**Data excerpts**.

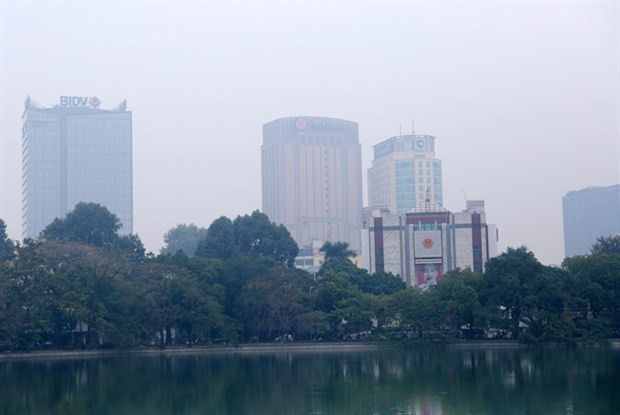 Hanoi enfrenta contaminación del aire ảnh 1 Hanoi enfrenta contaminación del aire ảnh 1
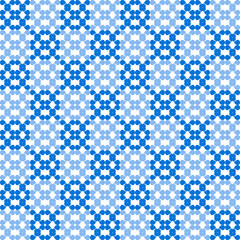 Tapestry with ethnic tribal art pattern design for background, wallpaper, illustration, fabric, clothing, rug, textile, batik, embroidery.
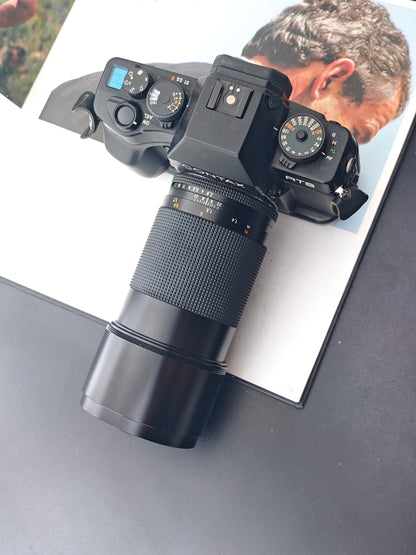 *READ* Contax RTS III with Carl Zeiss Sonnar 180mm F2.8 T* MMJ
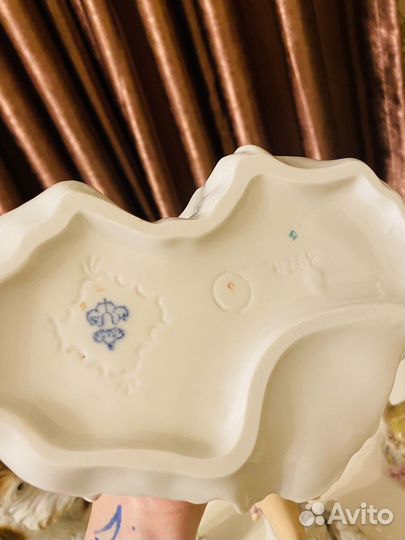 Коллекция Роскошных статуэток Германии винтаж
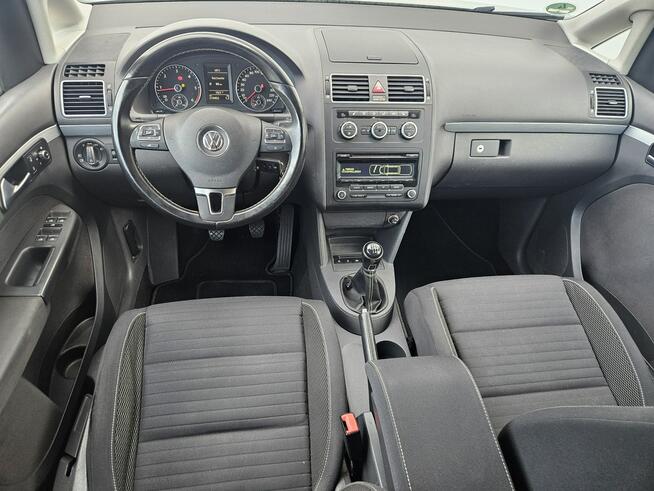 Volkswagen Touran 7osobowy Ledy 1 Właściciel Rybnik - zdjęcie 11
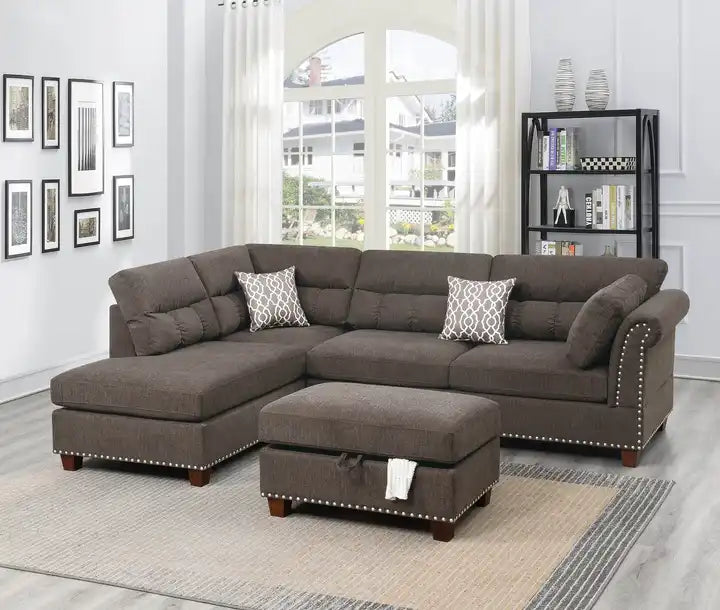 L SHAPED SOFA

...

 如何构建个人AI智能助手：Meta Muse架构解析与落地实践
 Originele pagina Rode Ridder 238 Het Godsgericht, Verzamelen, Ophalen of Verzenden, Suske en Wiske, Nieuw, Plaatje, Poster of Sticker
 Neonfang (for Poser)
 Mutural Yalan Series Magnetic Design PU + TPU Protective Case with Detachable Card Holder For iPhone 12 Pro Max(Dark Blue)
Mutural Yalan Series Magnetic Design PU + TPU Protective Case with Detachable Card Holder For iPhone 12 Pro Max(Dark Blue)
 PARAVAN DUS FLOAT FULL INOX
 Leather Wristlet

**Task description**.
Output only the lines above from the line that holds "Hanoi enfrenta contaminación del aire ảnh 1 Hanoi" through the line that holds "L SHAPED SOFA", both ends included, and exclude pictures.

**Response**.
 Hanoi enfrenta contaminación del aire ảnh 1 Hanoi enfrenta contaminación del aire ảnh 1
 Tapestry with ethnic tribal art pattern design for background, wallpaper, illustration, fabric, clothing, rug, textile, batik, embroidery.
 *READ* Contax RTS III with Carl Zeiss Sonnar 180mm F2.8 T* MMJ
 Коллекция Роскошных статуэток Германии винтаж
 Volkswagen Touran 7osobowy Ledy 1 Właściciel Rybnik - zdjęcie 11
 L SHAPED SOFA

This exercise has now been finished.